Data segment:
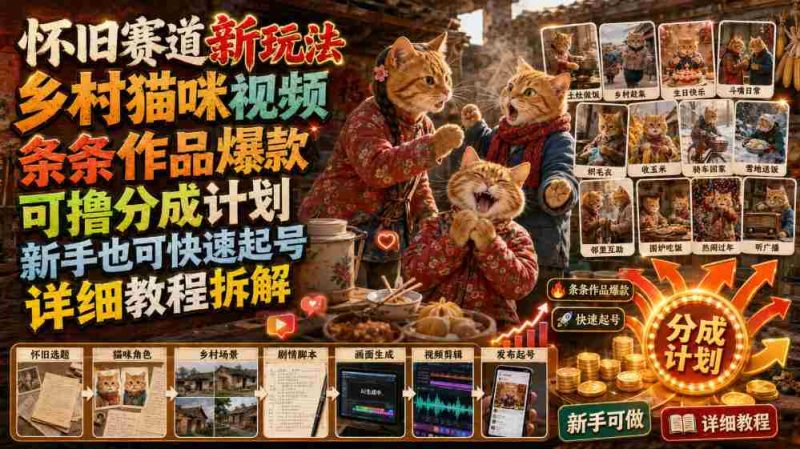 怀旧赛道新玩法，乡村猫咪视频，条条作品爆款，可撸分成计划，新手也可快速起号，详细教程拆解-一起发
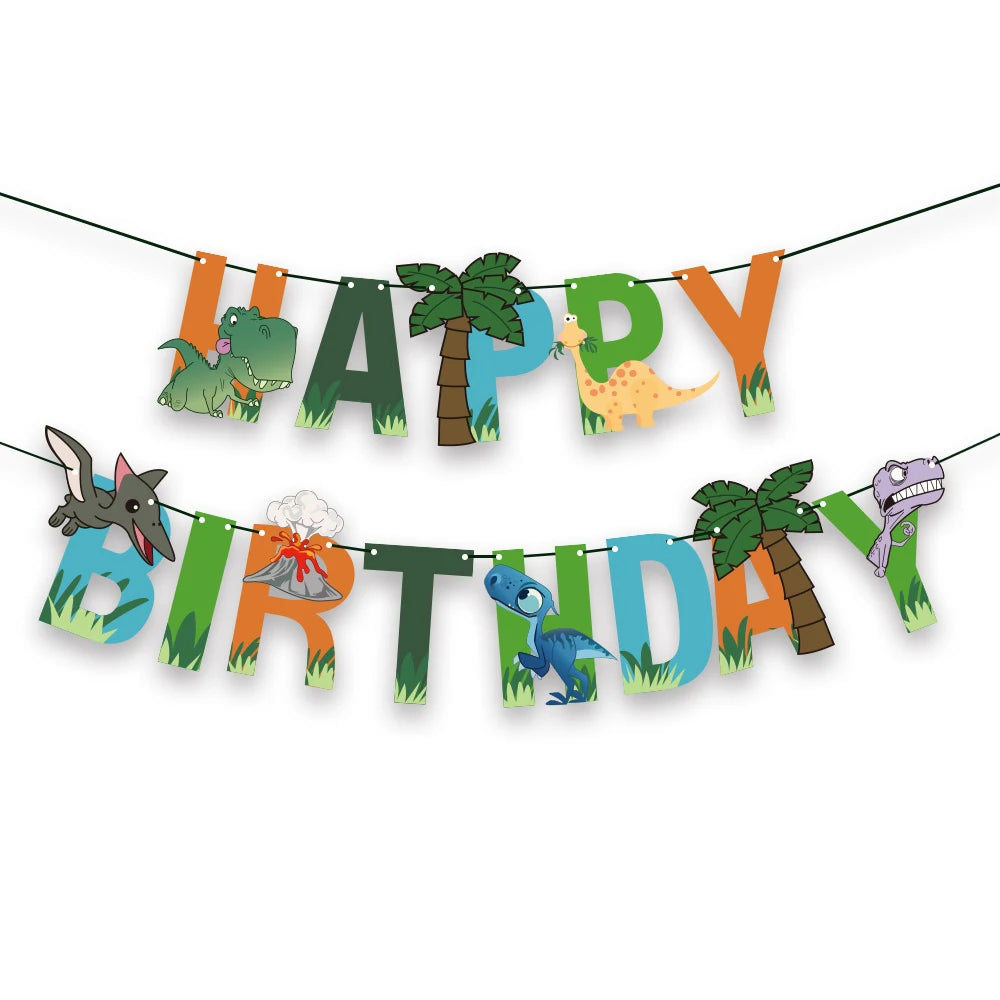 guirlande décoration anniversaire enfants dinosaures happy birthday lettres clips illustrations palmeraies volcan herbe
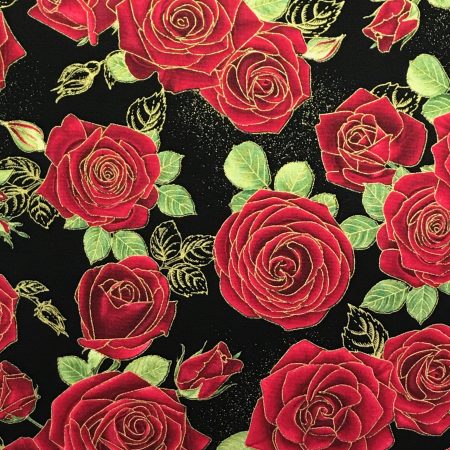 Front detail of red rose floral cushion cover with green leaves on a black background, 18 inch 45cm square, zipped and lined decorative pillow case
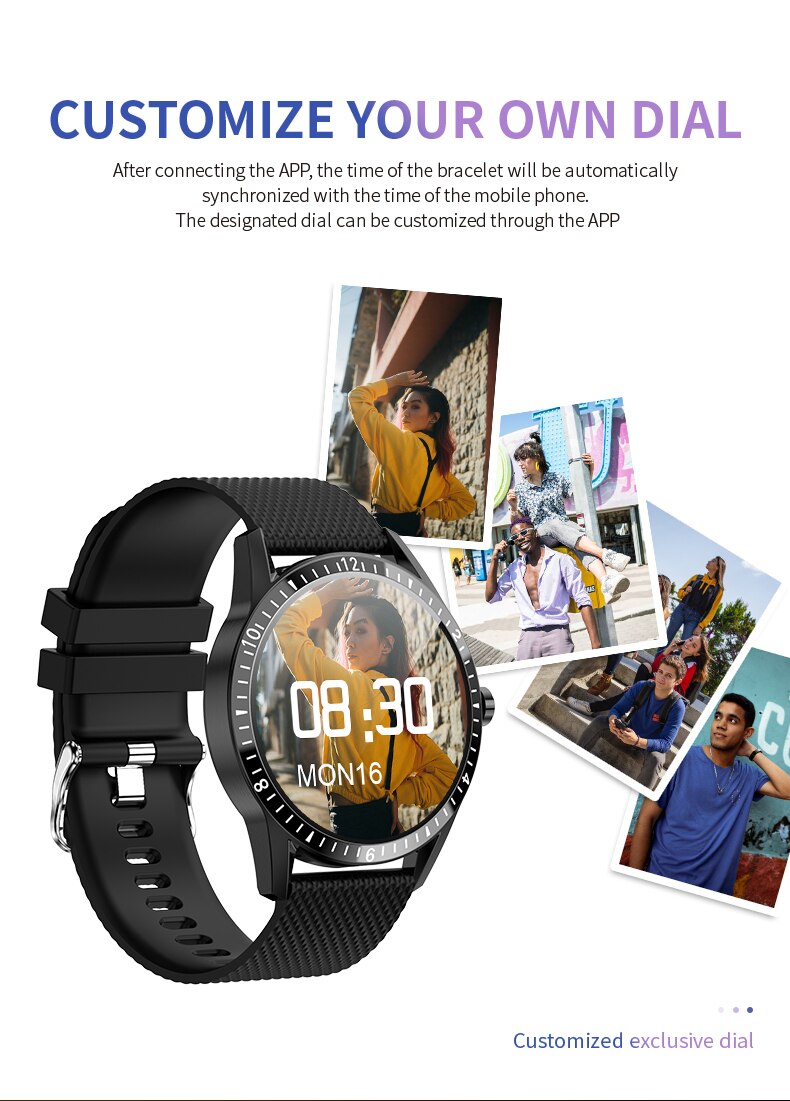 Montre connectée Y20 pour hommes, entièrement tactile, prise en charge des appels Bluetooth, moniteur de fréquence cardiaque, pour téléphone Android IOS PK G20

Brief:
Beginning at the line that contains "guirlande décoration anniversaire", retype each line of the data above through the very last one. Do not retype the pictures.

Solution to the problem:
 guirlande décoration anniversaire enfants dinosaures happy birthday lettres clips illustrations palmeraies volcan herbe
 Front detail of red rose floral cushion cover with green leaves on a black background, 18 inch 45cm square, zipped and lined decorative pillow case
 Montre connectée Y20 pour hommes, entièrement tactile, prise en charge des appels Bluetooth, moniteur de fréquence cardiaque, pour téléphone Android IOS PK G20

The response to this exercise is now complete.